PRESS OF
BROWN-MORRISON CO
LYNCHBURG, VA.
Editor's Note
A review is given, in the pages following, of the causes which led to the political issue of the '60s; an issue which will be open to argument until, in all of its bearings, it becomes understood through familiarity with the conditions of the past. Sentiment divorced from reason occasioned misconception. Many causes contributed to that effect. The lack of authentic records doubtless was one; certainly ill-advised publications inflamed, if they did not inspire, public opinion at this critical period.

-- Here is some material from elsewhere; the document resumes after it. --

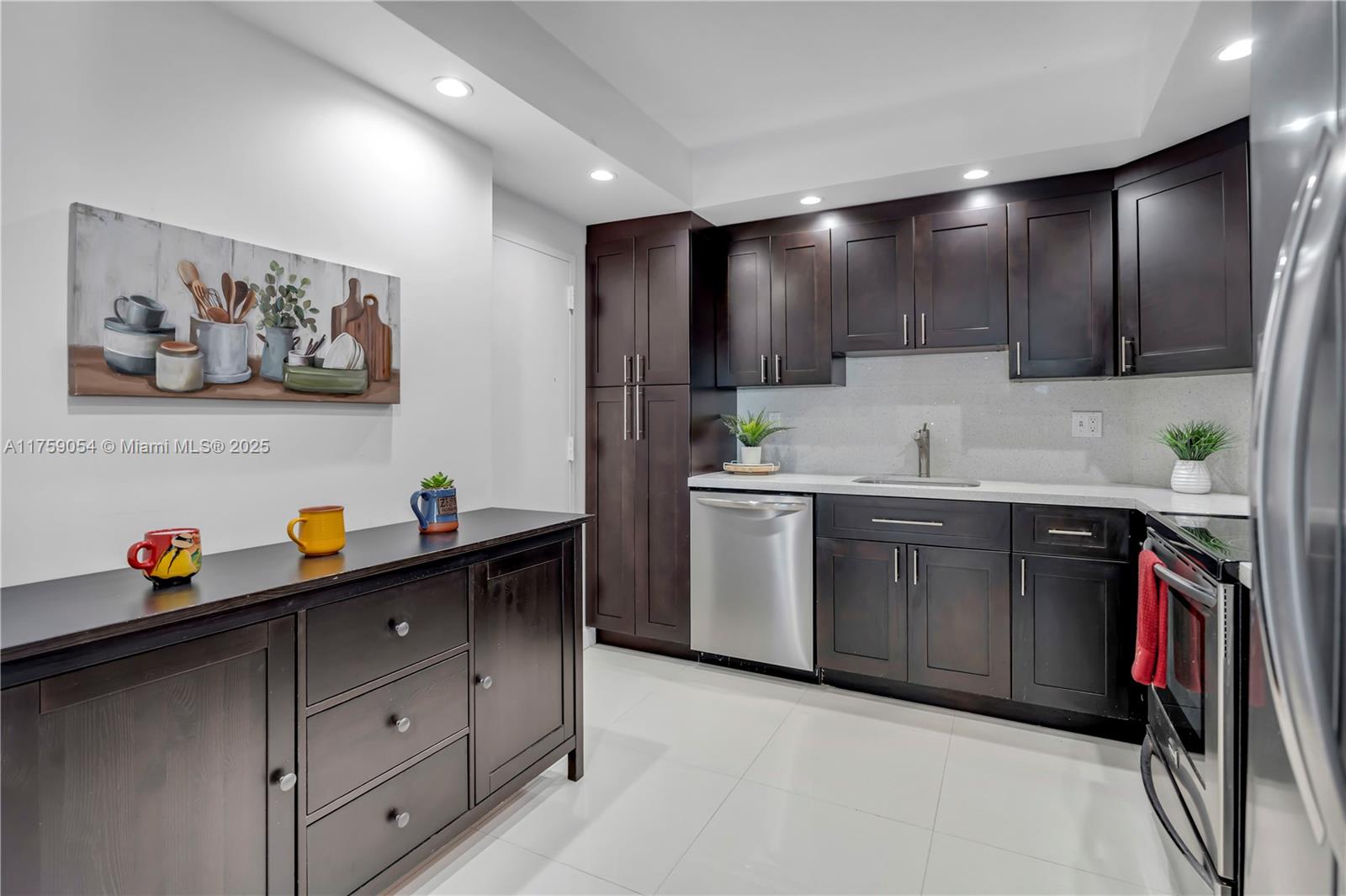 Property for Sale at 500 Bayview Dr 231, Sunny Isles Beach, Miami-Dade County, Florida - Bedrooms: 2 
Bathrooms: 2  - $399,990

The author was actuated by the desire to correct erroneous opinion in relation to the South. His manuscript has lain unpublished during the passing of half a century, till passion having cooled and prejudice abated, there is no longer reason for clash from difference of feeling upon the subject.

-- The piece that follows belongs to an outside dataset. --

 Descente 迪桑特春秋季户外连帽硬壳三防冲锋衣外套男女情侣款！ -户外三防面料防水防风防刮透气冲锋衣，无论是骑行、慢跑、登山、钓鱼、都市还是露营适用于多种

The African slave trade began in the year 1442, when Anthony Gonsalez, a Portuguese, took from the Gold Coast, ten negroes, which he carried to Lisbon. In 1481, the Portuguese built a fort on the Gold Coast, and as early as 1502, the Spaniards began to employ negroes in the mines of Hispaniola. In 1517, Charles V, Emperor of Spain, granted a patent to certain persons, for the supply of 4,000 negroes, annually, to the islands of Hispaniola, Cuba, Jamaica and Porto Rico. John Hawkins, afterwards knighted by Queen Elizabeth, got into his possession, partly by the sword and partly by other means, 300 negroes, and sold them in the West Indies. Hawkins' second voyage was patronized by Queen Elizabeth, who participated in the profits; and in 1618, in the reign of James I, the British government established a regular trade on the coast of Africa.
When negotiations for the slave traffic were first agitated, the cost to the victim seems not to have been considered. The white man's need—or greed—demanded sacrifice. The negro, a product of the "three-cornered rum, slave and molasses trade" was brought to New England to a condition offering few advantages beyond certain comforts which were to be provided by the master who was to assume all the obligations of the position.
Wrenched from his home, separated from his people, exiled to a foreign land, which was governed by laws maintained through penalties, the enforced emigrant was set to labor in unaccustomed ways under uncongenial circumstances.